We want to find collections of capitularies, currently very vaguely defined as capitularies that are often copied together.

The python script cluster.py reads the Wordpress database and writes a Gephi graph file. The graph is then imported into Gephi and laid out using a force field algorithm. The resulting plot is used to visually identify potential collections of capitularies.

Algorithm

Description of the algorithm used by the cluster.py script.

We define \(K\) as the number of capitularies and \(D\) as the number of documents.

The number of occurrences of capitulary \(k\) in document \(d\) is referred to as term frequency and is denoted:

\[\mbox{tf}_{k,d}\]

The term frequency of capitularies is either 0 (if not contained in the document) or 1 (if contained in the document). Technically, a document may contain more than one copy of the same capitulary, but we ignore that for our calculations.

The number of documents that include the capitulary \(k\) is referred to as its document frequency and is denoted:

\[\mbox{df}_k\]

The inverse document frequency of capitulary \(k\) is defined as:

\[\mbox{idf}_k = \log { D \over \mbox{df}_k }.\]

We assign a weight to each pair of capitulary and document \(k \times d\), given by:

\[\mbox{tf-idf}_{k,d} = \mbox{tf}_{k,d} \times \mbox{idf}_k\]
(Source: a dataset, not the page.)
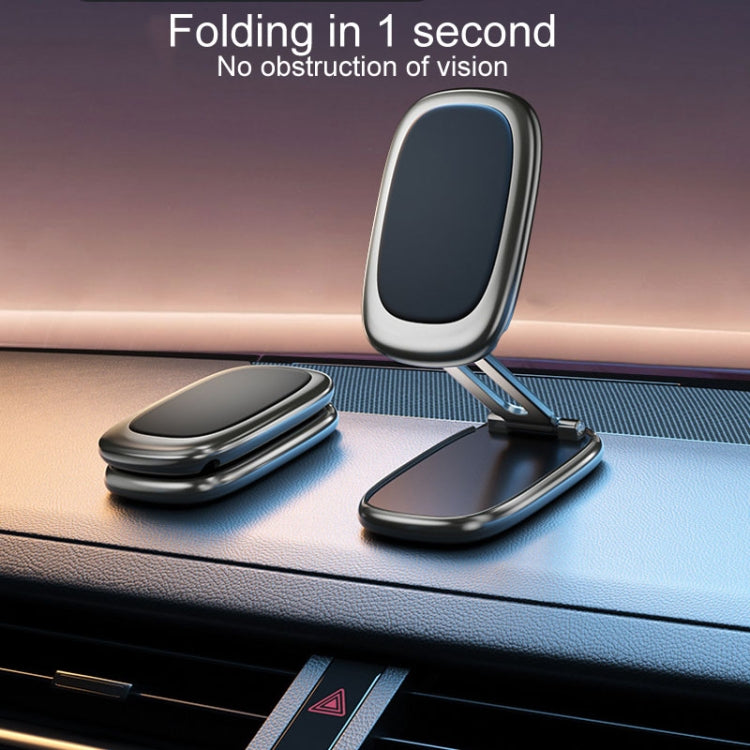 Magnetic Car Phone Holder Automobile Rotatable Multifunctional Folding Stands, Q42, Q43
We define the document vector \(\vec{V}(d)\) as:

\[\begin{pmatrix} \mbox{tf-idf}_{1,d} & \mbox{tf-idf}_{2,d} & \dots & \mbox{tf-idf}_{K,d} \end{pmatrix}\]

the vector of the weights of all capitularies relative to the document \(d\).

The Euclidean length \(\vert\vec{V}(d)\vert\) of a document vector \(\vec{V}(d)\) is defined as:

\[\sqrt{\sum_{i=1}^K\vec{V}_i^2(d)}\]

Because the term frequency can only be 0 or 1, this is simply the square root of the number of capitularies in the document.

The cosine similarity of two documents \(d_1\) and \(d_2\), which are here represented by their document vectors \(\vec{V}(d_1)\) and \(\vec{V}(d_2)\), is now calculated as:

\[\mbox{sim}(d_1,d_2)= \frac{\vec{V}(d_1)\cdot \vec{V}(d_2)}{\vert\vec{V}(d_1)\vert \vert\vec{V}(d_2)\vert}\]

where \(\cdot\) represents the dot product.

The cosine similarities of all pairs of documents are entered into a similarity (affinity) matrix. This matrix is used as the input to the graph layout software.

The document affinity graph (Gephi Force Atlas).

This algorithm is also used to get the similarity between capitularies, instead of documents, by switching capitularies with documents.

The capitulary affinity graph (Gephi Force Atlas).